Trump recua e busca acordo com Irã para reabrir Ormuz
Donald Trump sinalizou nesta semana uma mudança de rota na escalada de tensões com o Irã. Após dias de ameaças cruzadas de ataques militares, o presidente americano acenou com a possibilidade de um novo acordo diplomático focado na reabertura do Estreito de Ormuz.
A reviravolta acontece cinco meses depois do início da guerra que Estados Unidos e Israel movem na região. O Estreito de Ormuz é vital para o comércio global de energia — por ali passa um quinto de todo o petróleo transportado por mar no mundo.
Desescalada surpreende após semana de ameaças
Washington e Teerã trocaram ameaças abertas de retaliação militar nos últimos dias. O Irã prometeu responder a qualquer ataque. Trump ameaçou bombardear instalações nucleares iranianas.
A aparente disposição para negociar marca uma guinada na estratégia americana. Fontes do governo dos EUA indicam que a reabertura de Ormuz seria o primeiro passo para conversas mais amplas.

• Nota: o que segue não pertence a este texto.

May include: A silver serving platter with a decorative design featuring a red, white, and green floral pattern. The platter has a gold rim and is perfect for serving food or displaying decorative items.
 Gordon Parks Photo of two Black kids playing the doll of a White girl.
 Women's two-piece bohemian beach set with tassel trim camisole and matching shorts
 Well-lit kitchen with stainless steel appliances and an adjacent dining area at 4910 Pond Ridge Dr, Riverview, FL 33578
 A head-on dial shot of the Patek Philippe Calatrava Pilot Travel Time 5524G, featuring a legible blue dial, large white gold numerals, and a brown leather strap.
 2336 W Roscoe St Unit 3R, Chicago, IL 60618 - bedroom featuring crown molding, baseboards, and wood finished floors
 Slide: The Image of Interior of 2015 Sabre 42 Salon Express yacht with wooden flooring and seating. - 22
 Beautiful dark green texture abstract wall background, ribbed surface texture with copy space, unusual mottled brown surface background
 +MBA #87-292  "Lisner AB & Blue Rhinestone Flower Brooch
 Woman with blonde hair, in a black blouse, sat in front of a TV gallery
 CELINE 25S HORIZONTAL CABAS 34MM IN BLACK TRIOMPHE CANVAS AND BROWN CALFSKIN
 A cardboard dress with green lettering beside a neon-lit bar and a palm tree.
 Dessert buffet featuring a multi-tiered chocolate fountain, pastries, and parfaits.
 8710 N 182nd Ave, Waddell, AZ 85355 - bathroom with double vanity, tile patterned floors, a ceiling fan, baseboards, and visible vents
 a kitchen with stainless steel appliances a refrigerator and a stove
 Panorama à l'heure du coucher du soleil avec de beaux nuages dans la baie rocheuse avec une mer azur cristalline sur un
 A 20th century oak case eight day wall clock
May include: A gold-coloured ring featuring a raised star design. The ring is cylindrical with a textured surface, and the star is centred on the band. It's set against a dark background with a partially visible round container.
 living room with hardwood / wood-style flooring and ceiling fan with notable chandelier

Estreito fecha cerco ao petróleo
O Estreito de Ormuz conecta o Golfo Pérsico ao oceano aberto. Tem apenas 33 quilômetros de largura no ponto mais estreito. Qualquer bloqueio dispara o preço do barril globalmente em questão de horas.
O Irã controla a margem norte do estreito e já ameaçou fechá-lo completamente em represália a sanções econômicas americanas. A medida seria devastadora para aliados dos EUA no Golfo, como Arábia Saudita e Emirados Árabes.
Cálculo político por trás da virada
Analistas apontam que Trump enfrenta pressão interna para evitar um novo conflito prolongado no Oriente Médio. A economia americana sente os efeitos da instabilidade energética.
Um acordo que garanta a navegação livre em Ormuz daria fôlego ao governo americano. Também reduziria a margem de manobra do Irã para pressionar o Ocidente.
Resta saber se Teerã aceita sentar à mesa após meses de confronto direto. A desconfiança entre as partes permanece alta.